12 »Meine Damen und Herren!« Elfie blickte auf. Stefan Windisch hatte den Raum betreten und trug wie immer sein George-Clooney-Lächeln auf den Lippen.
»Seit ich diese Abteilung von Frau Schicketantz zusätzlich zu meiner eigenen übernommen habe, gewinne ich mehr und mehr den Eindruck, dass auf dieser Etage viel zu viele Leute mit viel zu wenig Arbeit beschäftigt sind. Als Erstes brauche ich einen genauen Überblick über das Gesamtvolumen der Aufgaben, die hier anfallen. Denn in Relation zur Zahl der Schadensfälle müsste die Abteilung deutlich kleiner sein.

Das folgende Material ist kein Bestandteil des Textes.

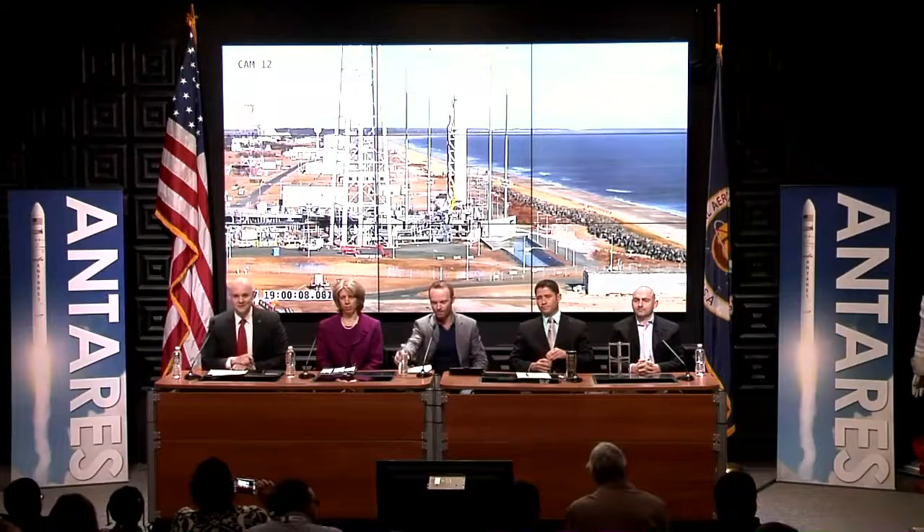Good afternoon and welcome to NASA's Wallops Flight Facility in Wallops Island, Virginia. I'm NASA Public Affairs Officer Trent Parado. We're here for the first of two briefings to look ahead to the Orbital 1 cargo resupply mission set to launch tomorrow, Wednesday, January 8th at 1:32 p.m. from right here at Wallops.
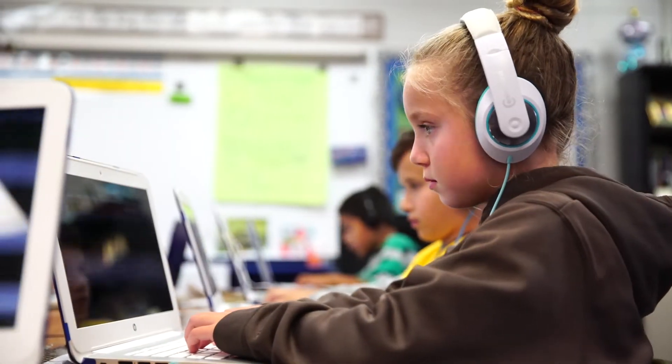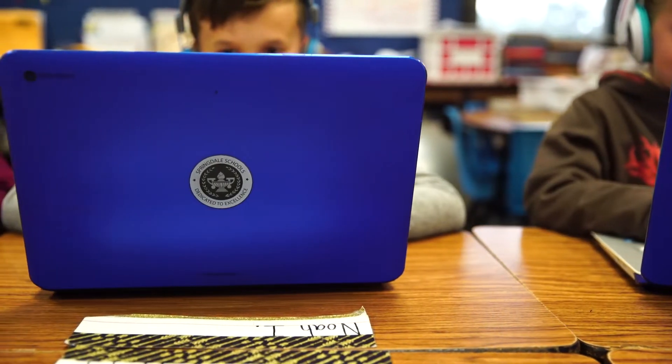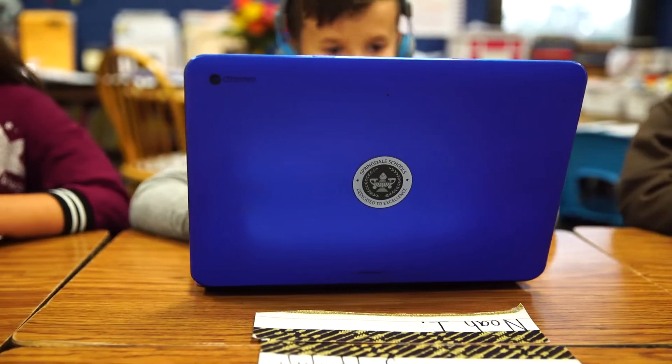One-to-one technology means that every student has a device available to them, whether it be in a classroom or whether it be that they actually do take it home — every student has a device that they can use.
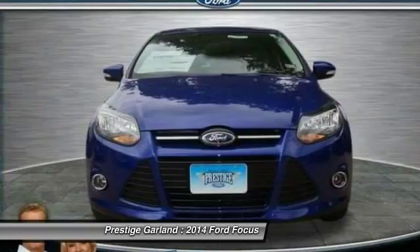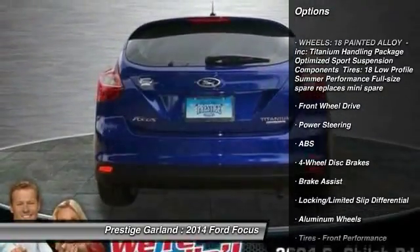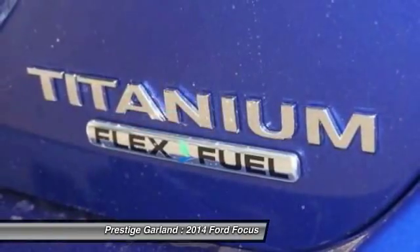Navigation system, traction control, steering wheel audio controls, remote engine start, stability control, anti-lock braking system, adjustable steering wheel, power steering, driver airbag, four-wheel disc brakes.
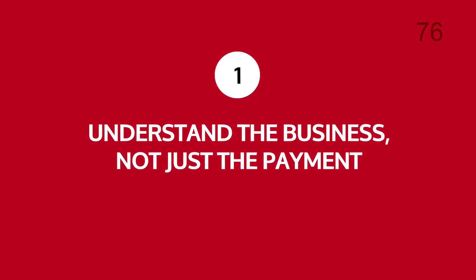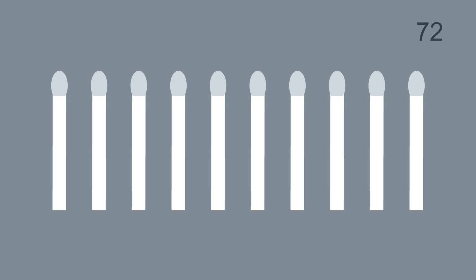Number one: understand the business, not just the payment. The migration to ISO impacts almost every department within a bank, so identify all impacted domains and communicate to relevant stakeholders right from the start.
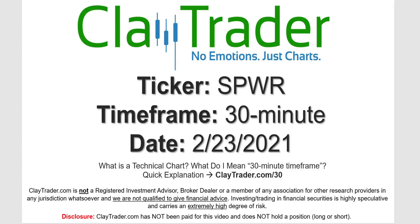Hey, it's Clay, and this will be a video chart on ticker symbol SPWR. We will take a look at the 30 minute timeframe. Not sure what I mean by 30 minute — I do offer an explanation video at that link.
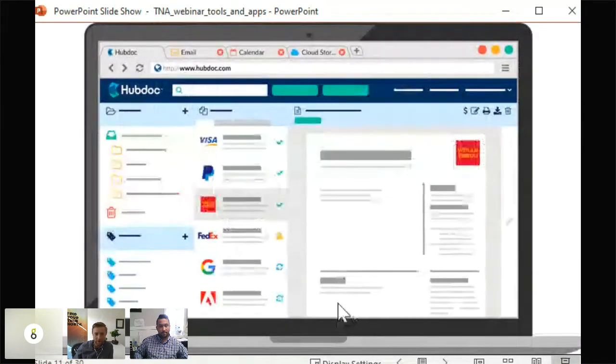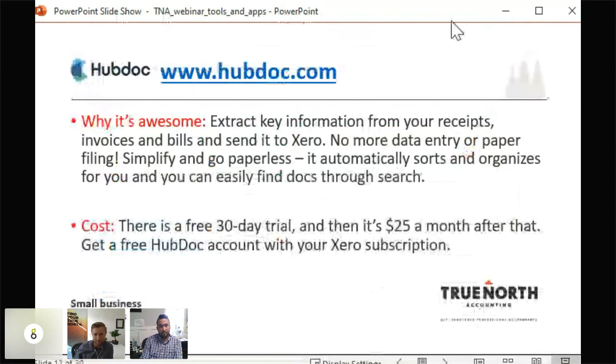HubDoc's key differentiating feature is OCR — optical character recognition — technology. It will read an invoice, populate an entry with who it's from, the date, due date, total, and GST, and push that entry to Xero as a bill. You can also use the app to take a picture of a receipt and throw out the paper copy. If it reads something wrong you can correct it, and all your receipts become searchable and in chronological order. If you have a paid Xero account, HubDoc is now included.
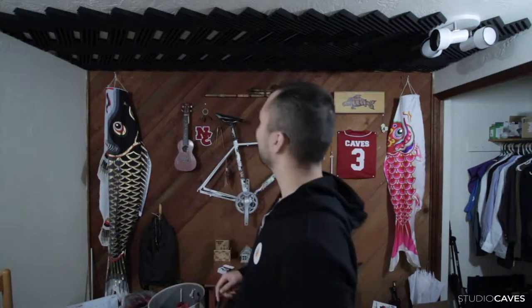What is up guys? Alex Caves here and welcome to another Studio Caves Daily. As you can see, that is up and it is staying up. It's incredible. This did take a lot of time, but oh my god, it's totally worth it. Like I can't stop staring at it.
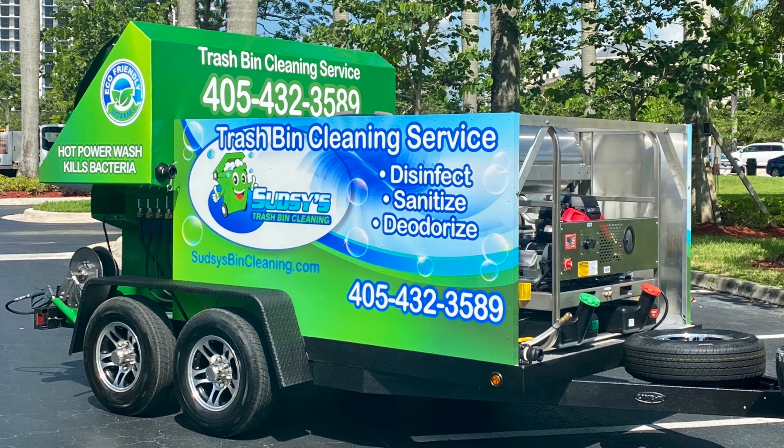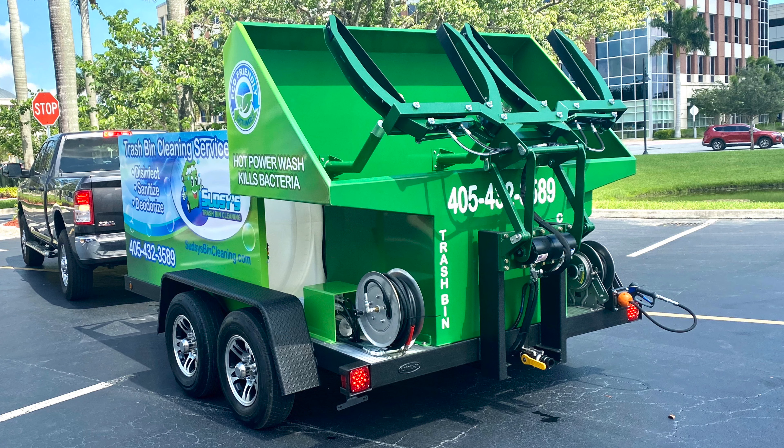This comes with our proprietary Magnum series — eight gallons of water per minute, 3,500 PSI, and a 3,000 watt onboard generator. You can see this has an extra hose reel on the driver's side for power washing, and a 25-foot retractable hose reel on the passenger side to clean the outside of the bin. This is a dual mounted trailer.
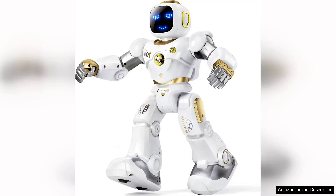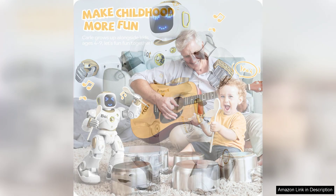The RUCO Smart Robot for Kids is an impressive blend of education and entertainment, making it an excellent choice for young tech enthusiasts. This large, programmable, interactive STEM robot is designed to engage and inspire creativity through play.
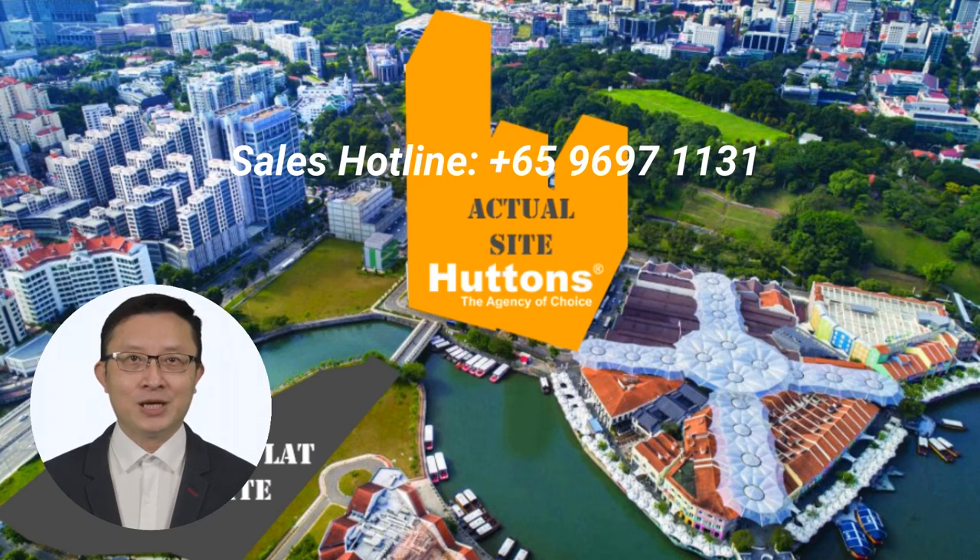My name is P.K. So, and we are proud to present to you Canning Hill Piers. For more details and appointments, please reach out at our sales hotline 9697-1131. We look very much forward to seeing you soon.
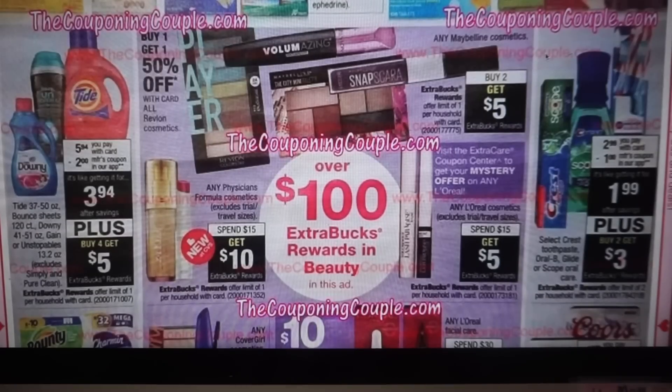There are always makeup deals at CVS. We have Maybelline buy two, get five. We have Physician's Formula at spend $15, get $10. We have a mystery coupon on L'Oreal coming — now L'Oreal cosmetics are going to be spend $15, get $5. I'm probably just going to hold on to that mystery coupon for the following week. I generally don't get a lot of L'Oreal makeup deals and if I do, I just kind of get the cheaper stuff.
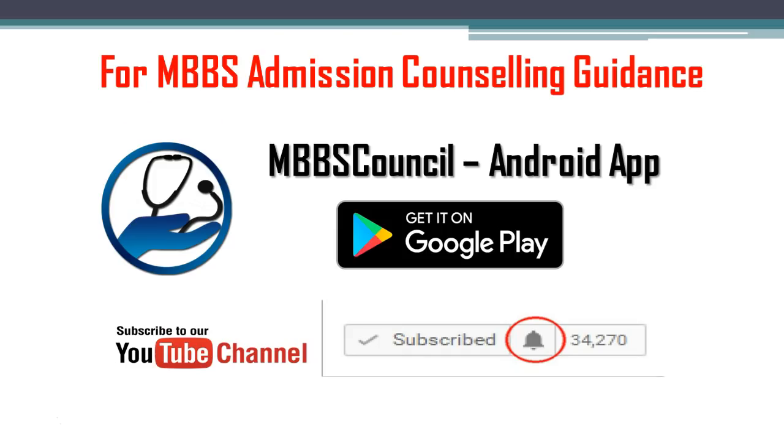This brings us to the end of the video. Every year, students struggle during the counselling time because of lack of guidance. The MBBS Council Android app helps you to choose the right medical college based on your NEET score. Download the MBBS Council app so that you don't miss any important alerts during counselling. Thanks for watching this video.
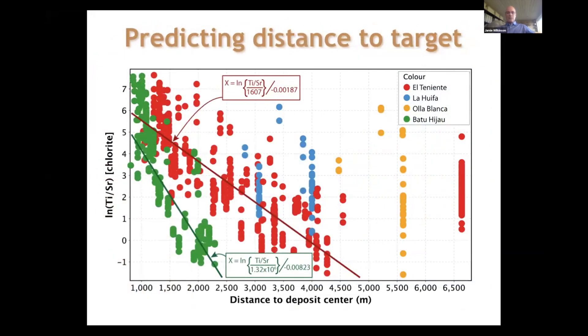Here are a couple of examples of data — one from Grasberg in green and one from El Teniente in red. This is a plot of distance from the porphyry center on the x-axis versus the logarithm of the titanium-to-strontium ratio (Ti/Sr) in chlorite. You can see how the gradient shows that ratio systematically changes with distance from the porphyry center, and you can make a simple exponential fit to these relationships, giving an equation that allows you to predict how far your sample is from the porphyry center based on that ratio.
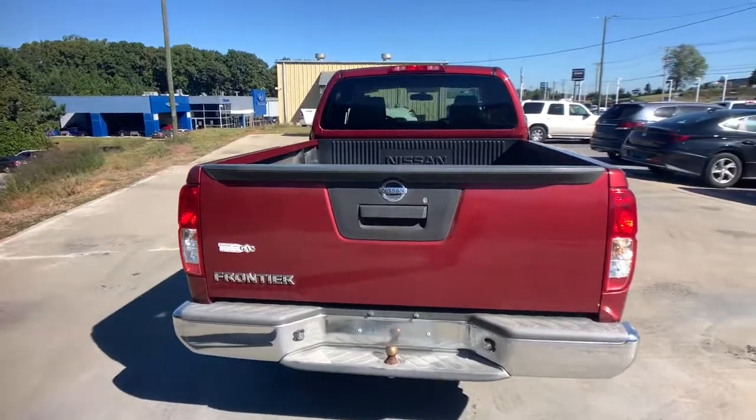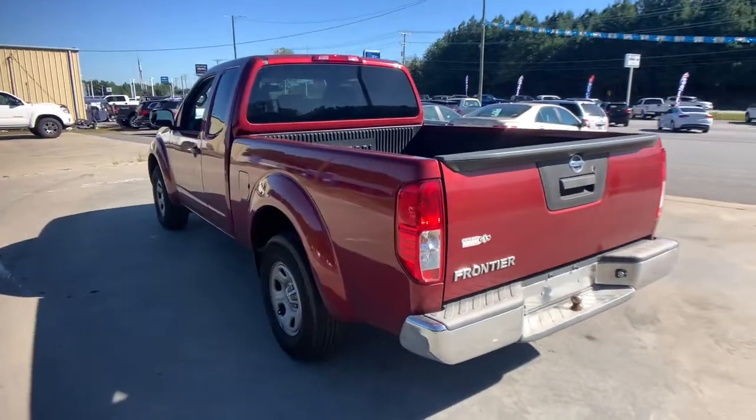Comfortable, capable, and hardworking, this popular midsize pickup is waiting just for you.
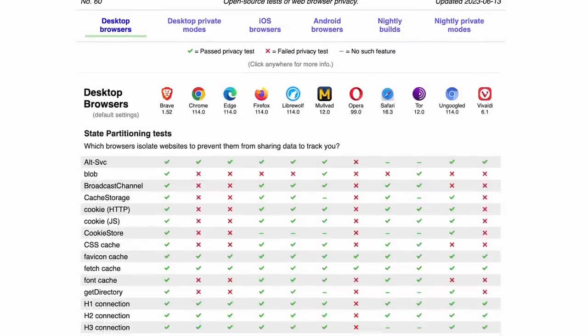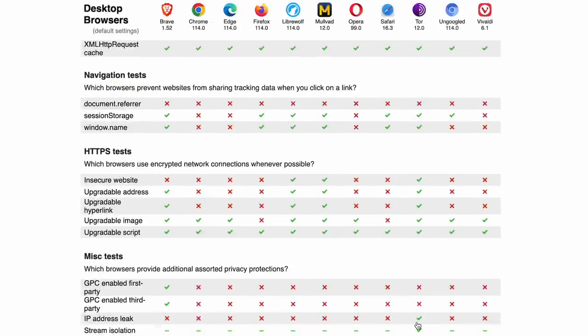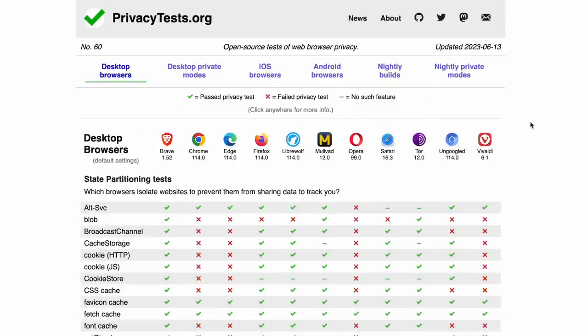Privacytest.org is a website that collects data for each browser with the goal of revealing what browsers pass what privacy tests. There are a lot of questions around this service — how it works, how you use it, what the scope is, why it doesn't have certain tests but has others — as well as things regarding the person who manages it, whose name is Arthur Edelstein, and his relationship with Brave and previous browsers he's worked on and why he built the tool in the first place.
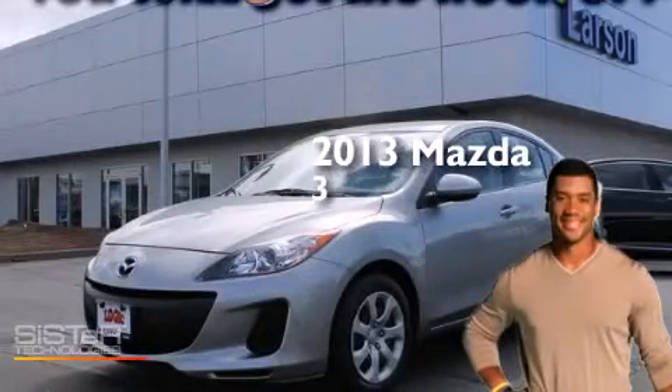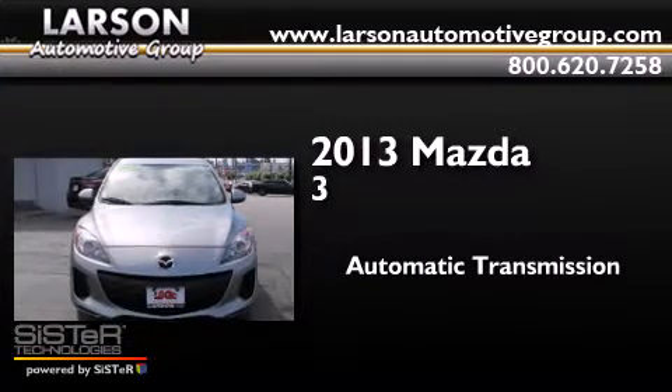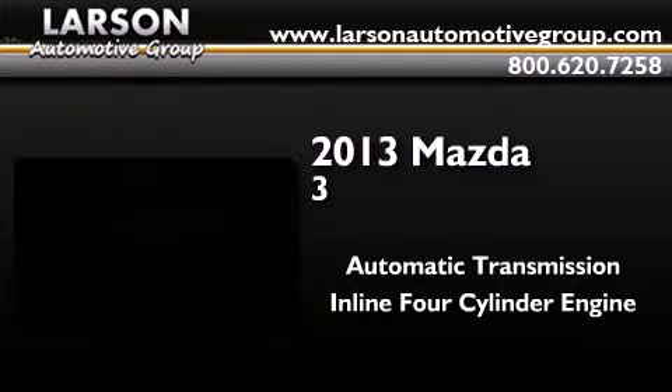This is a 2013 Mazda 3. This compact has an automatic transmission and an inline four-cylinder engine.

Deshalb bitte ich Sie, nacheinander zu mir in mein Büro zu kommen. Ich möchte mir anhand Ihrer Personalakte und im Einzelgespräch einen Eindruck von Ihren Qualifikationen, Ihren Tätigkeiten und der jeweiligen Arbeitsleistung verschaffen. Die Reihenfolge dürfen Sie gern untereinander ausmachen. Zählen Sie es an den Fingern ab, oder würfeln Sie es aus. Es wäre mir aber lieb, wenn sich der erste Mitarbeiter in etwa einer Viertelstunde bei mir einfinden würde.«
Sein Lächeln wirkte wie festgeklebt in seinem Gesicht, als er das Büro verließ.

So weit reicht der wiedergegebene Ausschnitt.